Il était huit heures moins quelques minutes ; pendant le quart d’heure qui me restait, nous causâmes assez librement. Il me demanda des nouvelles de l’Impératrice et de ma femme, me parla de la précision de nos armes et de notre nouvelle artillerie, de l’amertume qu’il ressentait contre les confédérés et ceux qui auraient dû l’appuyer, de la satisfaction qu’il aurait de voir la paix conclue sans congrès.

« Ils seront bien étonnés à Berlin, dit-il en souriant. Je n’en suis pas fâché. J’aime mieux céder à l’empereur Napoléon qu’à un congrès. Si nous pouvons nous entendre sur les affaires d’Italie, il n’y aura plus de raison de discorde entre nous. En Orient, nous pourrons être d’accord.

— C’est vrai, dis-je, mais, pour cela, sire, il faudrait peut-être régler la question italienne autrement que ne veut le faire Votre Majesté.

— Croyez que j’ai fait tout ce que je pouvais. »

Je remarquai la différence d’attitude entre nous deux ; en arrivant, pendant notre première conférence, c’est moi qui étais pressant et tâchais de le convaincre avec tous les ménagemens de forme ; actuellement, c’était lui qui avait pris mon rôle et moi qui étais devenu très froid et très réservé.

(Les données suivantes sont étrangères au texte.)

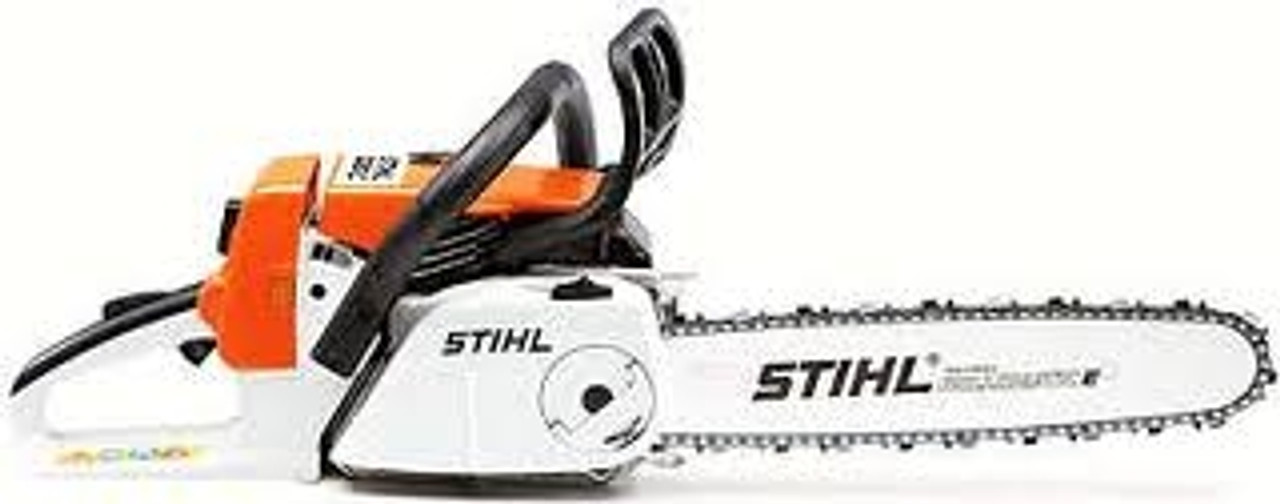 Stihl 026 - 026C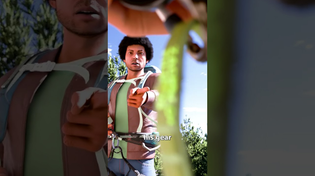Thumbnail for Climber’s Fatal Fall From Faulty Gear 😱 | Zack D. Films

J’évitai avec soin dans ma conversation tout ce qui pouvait avoir trait à des arrangemens financiers à prendre entre l’Autriche et la Lombardie. Plusieurs fois, l’Empereur y fit des allusions, très indirectes, il est vrai, que je me gardai bien de relever.

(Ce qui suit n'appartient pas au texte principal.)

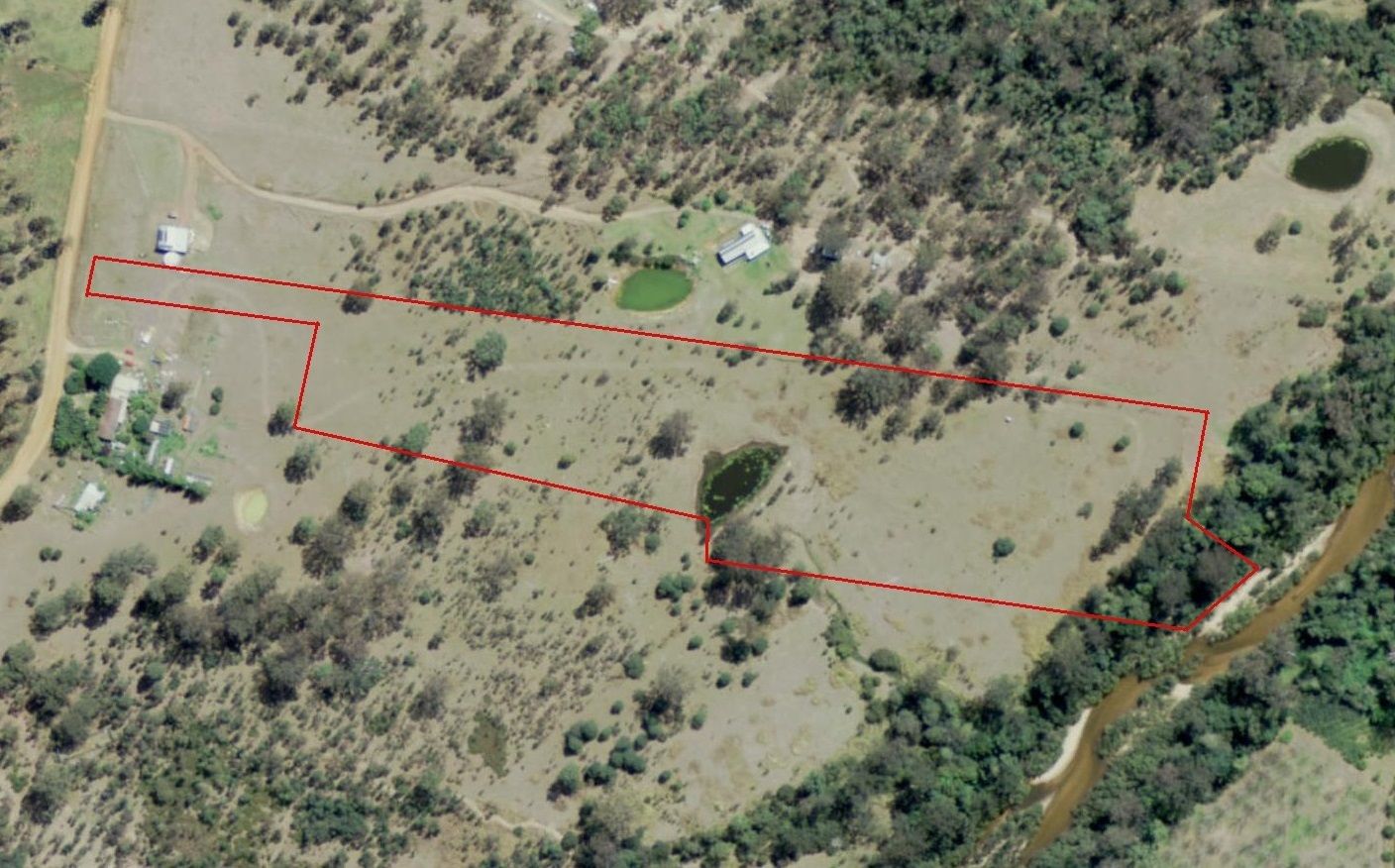 Lot 312 Lower Kangaroo Creek Road, COUTTS CROSSING NSW 2460, Image 2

Ces questions sont compliquées. Je ne crus pas que c’était le moment de les traiter. Il n’en était pas parlé dans les préliminaires et l’empereur Napoléon ne m’en avait pas dit un mot. Je pensai qu’il fallait, à cet égard, laisser pleine liberté aux plénipotentiaires qui auront à traiter la question de partage de la dette publique, — la revendication de tous les fonds des institutions indépendantes que l’Autriche s’est illégalement appropriés.